**WHAT IS NEEDED**
Look in the material below for the line with "warmmeta -Small Fragrance" and the line with "Men's Los Angeles", then set down exactly those two lines and all lines between, nothing more.

**INFORMATION SUPPLIED**
_ _ _ _ _ _ _
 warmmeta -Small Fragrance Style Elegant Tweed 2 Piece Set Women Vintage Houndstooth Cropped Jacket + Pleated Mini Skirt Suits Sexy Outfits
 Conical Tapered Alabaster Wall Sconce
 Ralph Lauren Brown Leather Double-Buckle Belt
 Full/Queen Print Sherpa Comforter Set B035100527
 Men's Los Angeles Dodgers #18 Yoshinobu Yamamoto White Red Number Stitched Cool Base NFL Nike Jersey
_ _ _ _ _ _ _
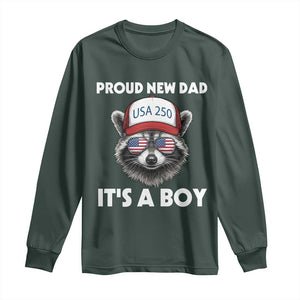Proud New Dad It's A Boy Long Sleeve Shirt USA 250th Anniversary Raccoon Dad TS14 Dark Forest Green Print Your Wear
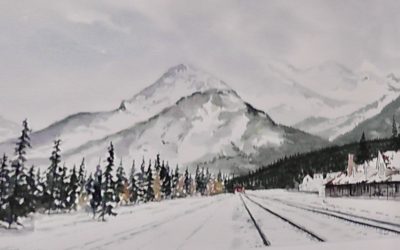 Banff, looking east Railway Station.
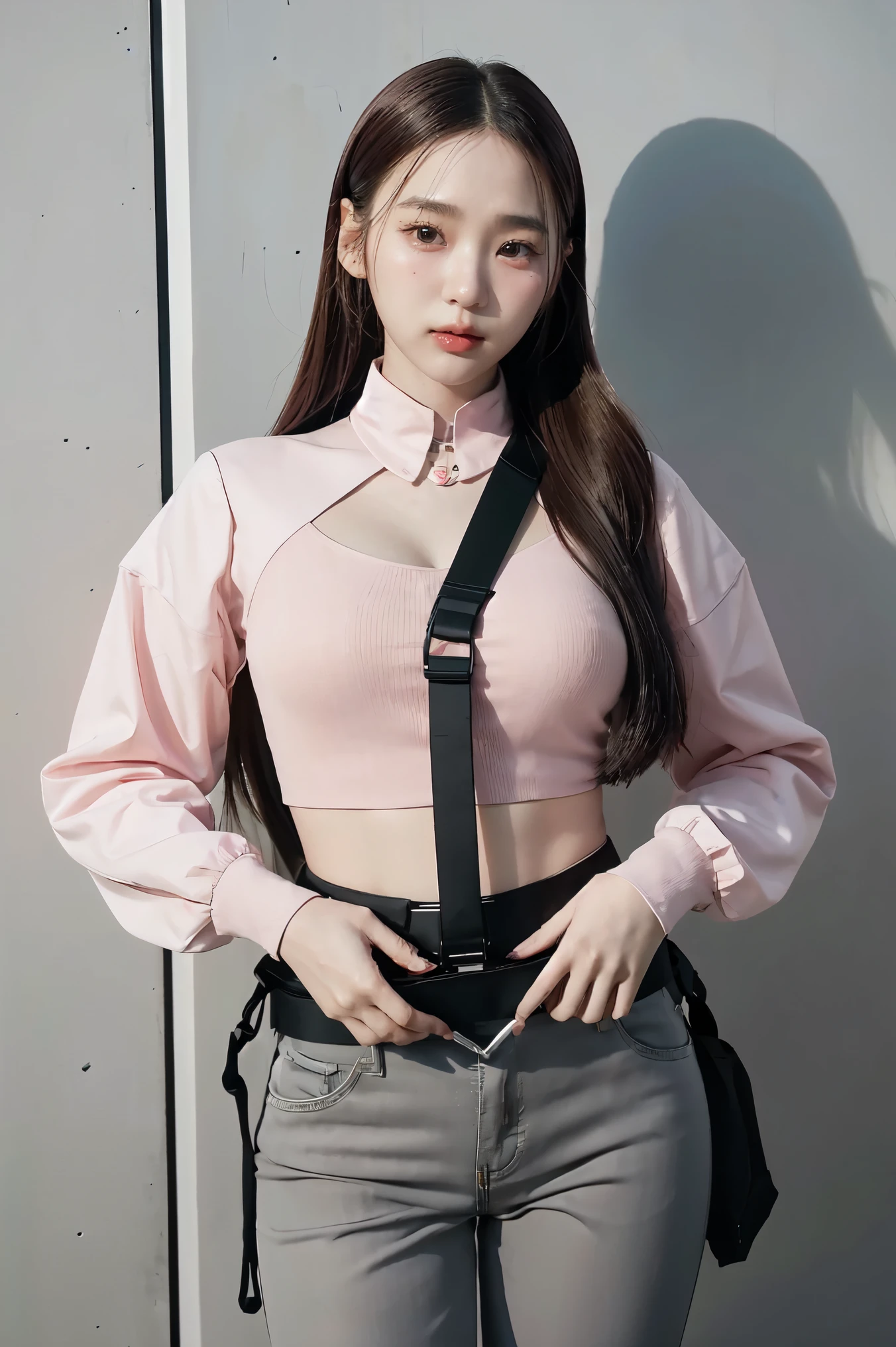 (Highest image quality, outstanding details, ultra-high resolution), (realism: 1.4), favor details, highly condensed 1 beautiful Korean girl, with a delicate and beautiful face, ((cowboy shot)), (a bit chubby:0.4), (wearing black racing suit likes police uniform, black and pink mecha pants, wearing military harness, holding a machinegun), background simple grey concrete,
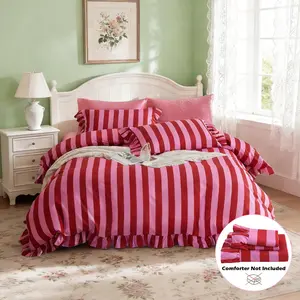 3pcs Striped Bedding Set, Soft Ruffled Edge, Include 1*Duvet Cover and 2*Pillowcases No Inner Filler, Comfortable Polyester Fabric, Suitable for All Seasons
_ _ _ _ _ _ _
**RESPONSE**
 warmmeta -Small Fragrance Style Elegant Tweed 2 Piece Set Women Vintage Houndstooth Cropped Jacket + Pleated Mini Skirt Suits Sexy Outfits
 Conical Tapered Alabaster Wall Sconce
 Ralph Lauren Brown Leather Double-Buckle Belt
 Full/Queen Print Sherpa Comforter Set B035100527
 Men's Los Angeles Dodgers #18 Yoshinobu Yamamoto White Red Number Stitched Cool Base NFL Nike Jersey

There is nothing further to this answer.